What Risk Does Debt Bring?

Debt assists a business until the business has trouble paying it off, either with new capital or with free cash flow. If things get really bad, the lenders can take control of the business. However, a more usual (but still expensive) situation is where a company must dilute shareholders at a cheap share price simply to get debt under control. Of course, plenty of companies use debt to fund growth, without any negative consequences. The first thing to do when considering how much debt a business uses is to look at its cash and debt together.

Check out our latest analysis for Eckert & Ziegler Strahlen- und Medizintechnik

What Is Eckert & Ziegler Strahlen- und Medizintechnik's Net Debt?

You can click the graphic below for the historical numbers, but it shows that as of March 2022 Eckert & Ziegler Strahlen- und Medizintechnik had €7.22m of debt, an increase on €5.0k, over one year. However, its balance sheet shows it holds €84.8m in cash, so it actually has €77.6m net cash.

debt-equity-history-analysis
XTRA:EUZ Debt to Equity History July 21st 2022

A Look At Eckert & Ziegler Strahlen- und Medizintechnik's Liabilities

According to the last reported balance sheet, Eckert & Ziegler Strahlen- und Medizintechnik had liabilities of €56.1m due within 12 months, and liabilities of €103.6m due beyond 12 months. On the other hand, it had cash of €84.8m and €40.0m worth of receivables due within a year. So its liabilities outweigh the sum of its cash and (near-term) receivables by €34.9m.
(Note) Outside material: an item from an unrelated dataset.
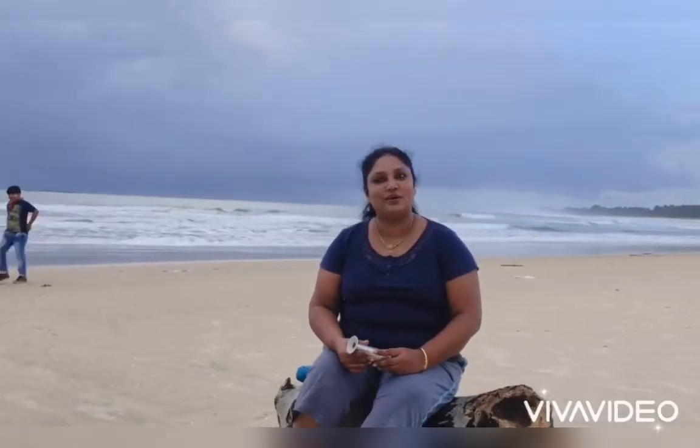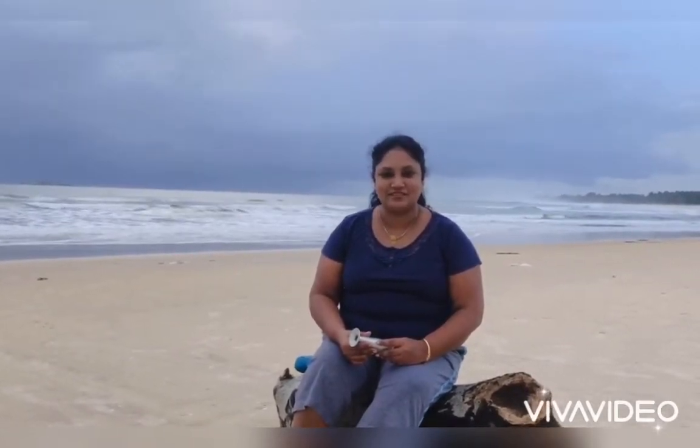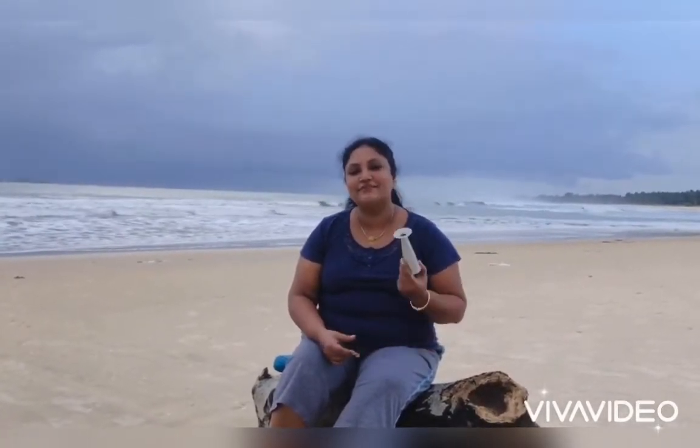Hello students! Today we will be going on to one more instrument. This instrument is also used in obstetrics and gynecology examination. I am sure that all of you have seen this instrument. So today we will be looking at an instrument that is a fetoscope. I hope all of you have seen this instrument.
Given Eckert & Ziegler Strahlen- und Medizintechnik has a market capitalization of €808.5m, it's hard to believe these liabilities pose much threat. But there are sufficient liabilities that we would certainly recommend shareholders continue to monitor the balance sheet, going forward. Despite its noteworthy liabilities, Eckert & Ziegler Strahlen- und Medizintechnik boasts net cash, so it's fair to say it does not have a heavy debt load!

In fact Eckert & Ziegler Strahlen- und Medizintechnik's saving grace is its low debt levels, because its EBIT has tanked 48% in the last twelve months. When it comes to paying off debt, falling earnings are no more useful than sugary sodas are for your health. The balance sheet is clearly the area to focus on when you are analysing debt. But ultimately the future profitability of the business will decide if Eckert & Ziegler Strahlen- und Medizintechnik can strengthen its balance sheet over time. So if you want to see what the professionals think, you might find this free report on analyst profit forecasts to be interesting.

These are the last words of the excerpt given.